I have taken in a parts the one by accident. Is it possible to repair it? Will it work fine?


----------



## Mr Happy (Feb 21, 2010)

Zalupok said:


> I have taken in a parts the one by accident. Is it possible to repair it? Will it work fine?


Too funny...



Oh, and welcome to CPF! :welcome:


----------



## Mik (Feb 21, 2010)

Zalupok said:


> I have taken in a parts the one by accident. Is it possible to repair it? Will it work fine?


 
Oh yeah, that'll buff right out! :wave: NICE!


----------



## DM51 (Feb 21, 2010)

Welcome to CPF, Zalupok 

LOL @ your pics, but they are much too large. Please re-size them to comply with Rule 3. The max permitted size is 800 x 800 pixels (yours there are 1280 x 960)

Mik, there's no need to include the whole post with all the pics in the quote. Please edit it out.


----------



## Bronx68 (Sep 15, 2010)

We are presently designing a led UV curing station. The circuit in the unit requires a voltage above 8 volts and less that 24 volts. It draws 350 ma (.35 amps) with a 9 volt input. We need to add battery operation to these units. The batteries need to be rechargeable and will also need a battery charger. What do you recommend for batteries and a charger? The batteries can be removed from the unit to go in the charger.
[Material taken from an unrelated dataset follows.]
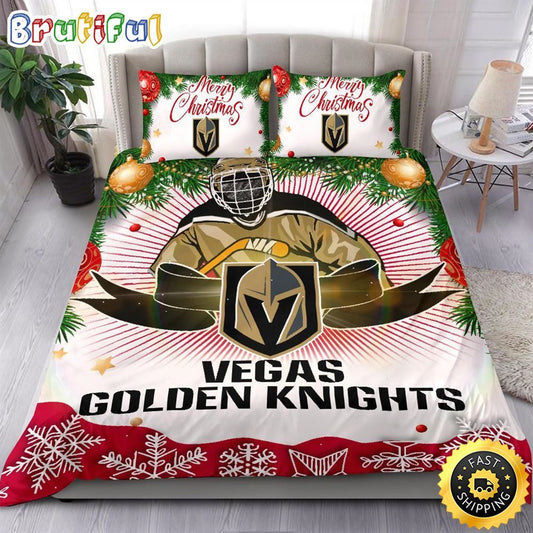 NHL Vegas Golden Knights Bedding Sets Merry Christmas Quilt Bedding Sets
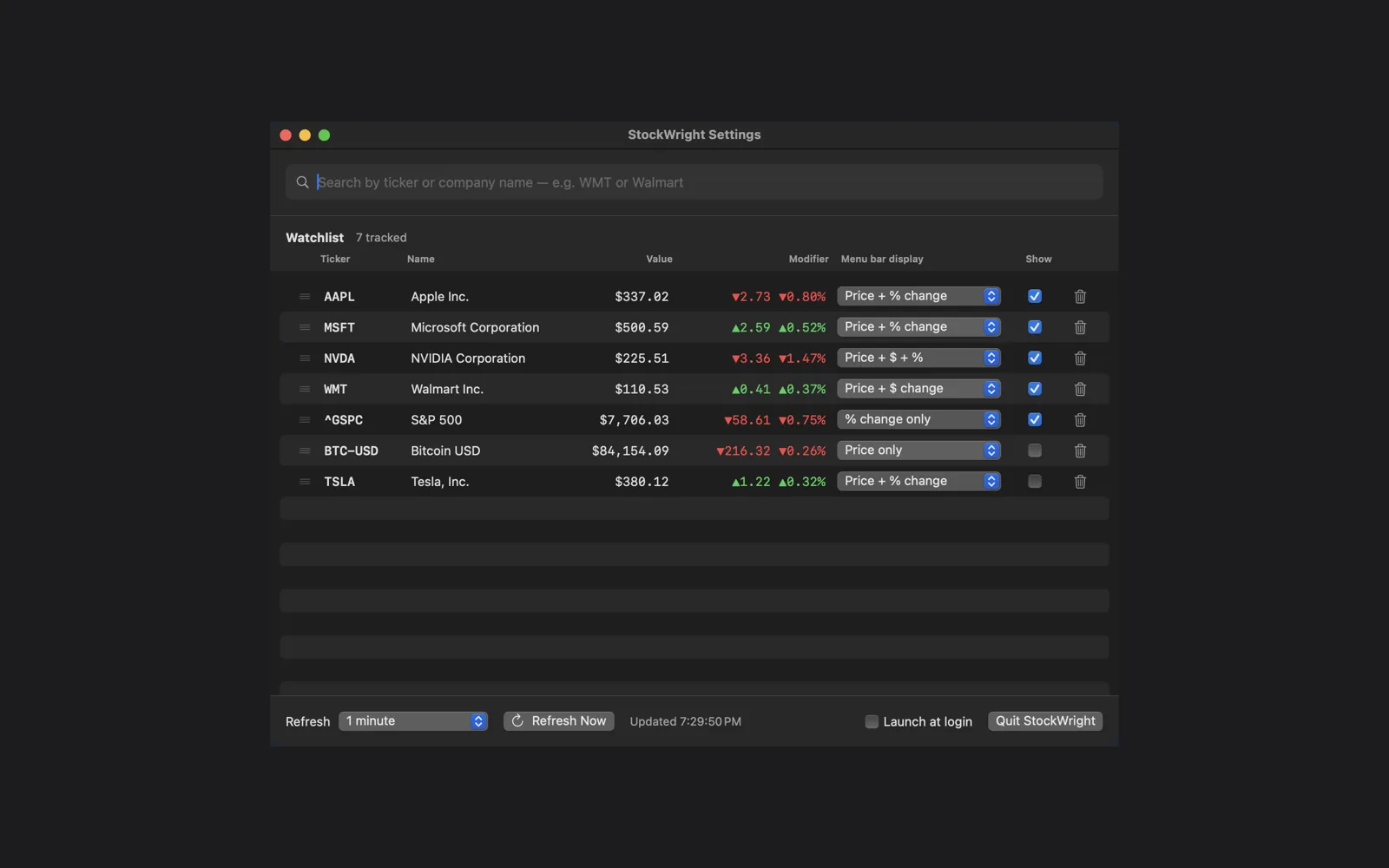StockWright's settings window: the watchlist with what each ticker shows in the menu bar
We are looking for medium to low cost battery solution. The unit is turned on for 30 seconds at a time. Something over 30 to 40 exposures (on seconds each exposure) should be adequate between recharges


----------



## LuxLuthor (Sep 22, 2010)

Bronx68 said:


> We are presently designing a led UV curing station. The circuit in the unit requires a voltage above 8 volts and less that 24 volts. It draws 350 ma (.35 amps) with a 9 volt input. We need to add battery operation to these units. The batteries need to be rechargeable and will also need a battery charger. What do you recommend for batteries and a charger? The batteries can be removed from the unit to go in the charger.
> 
> We are looking for medium to low cost battery solution. The unit is turned on for 30 seconds at a time. Something over 30 to 40 exposures (on seconds each exposure) should be adequate between recharges



I think you may have wanted to start a separate thread, since your post has nothing to do with this topic. Also, regular font size would be easier to read.


----------